If he asks, tell him it's none of his business.


----------



## chillymorn (Aug 11, 2010)

Jax67 said:


> Should I just leave and say nothing? If he hears me going out the door and asks where I am off too what should I say.
> 
> He isn't even telling me the address of where he is moving too.
> 
> I so confused! 11 years together.


none of your business! then smile and go.

make sure you leave your underware drawer open with all the good ones missing.


----------



## Jasel (Jan 8, 2013)

> Should I just leave and say nothing?


Exactly.



> If he hears me going out the door and asks where I am off too what should I say.


Don't say anything. Or at most "Out" and leave it at that.



> He isn't even telling me the address of where he is moving too.


Which goes back to my original question, if that's the case why do _you _feel the need to tell _him _anything?



> I so confused! 11 years together.


Sorry to hear that. But you're in good company here.


----------



## daisygirl 41 (Aug 5, 2011)

Tell him your having a fun weekend away with you GFs!!

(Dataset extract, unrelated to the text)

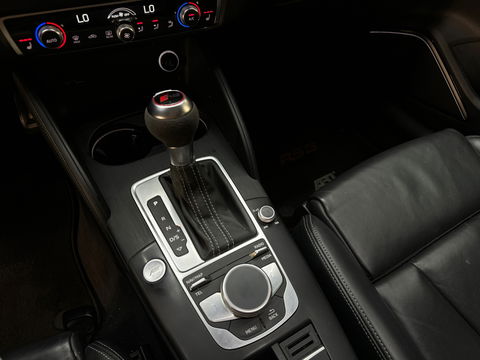 Audi RS3 Sportback 2.5 TFSI quattro Pano|RS Seat|ABT|500PK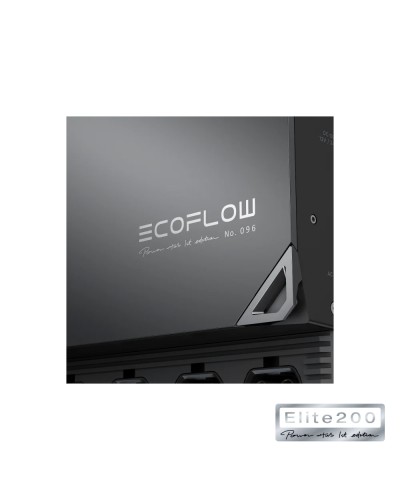 Інвертор Ecoflow Power Hub 5kVA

Seriously he doesn't need or deserve an explanation. It's 180 time!
Be strong, I know it's going to be hard, I've been there. Just make sure you look fabulous and smile as your going out the door.
Good luck!
_Posted via Mobile Device_


----------



## SomedayDig (Jul 17, 2012)

Jax67 said:


> I so confused! 11 years together.


Totally understood. Remember though, it was _his_ idea that he needed to go "sort things out" or whatever. The 11 years is tough...I'm in year 13 and in reconciliation with my wife who had a five year long affair. Confused is normal! Take care of YOU right now. If he wakes up and asks where you're going, just say you're going out and he doesn't need to worry.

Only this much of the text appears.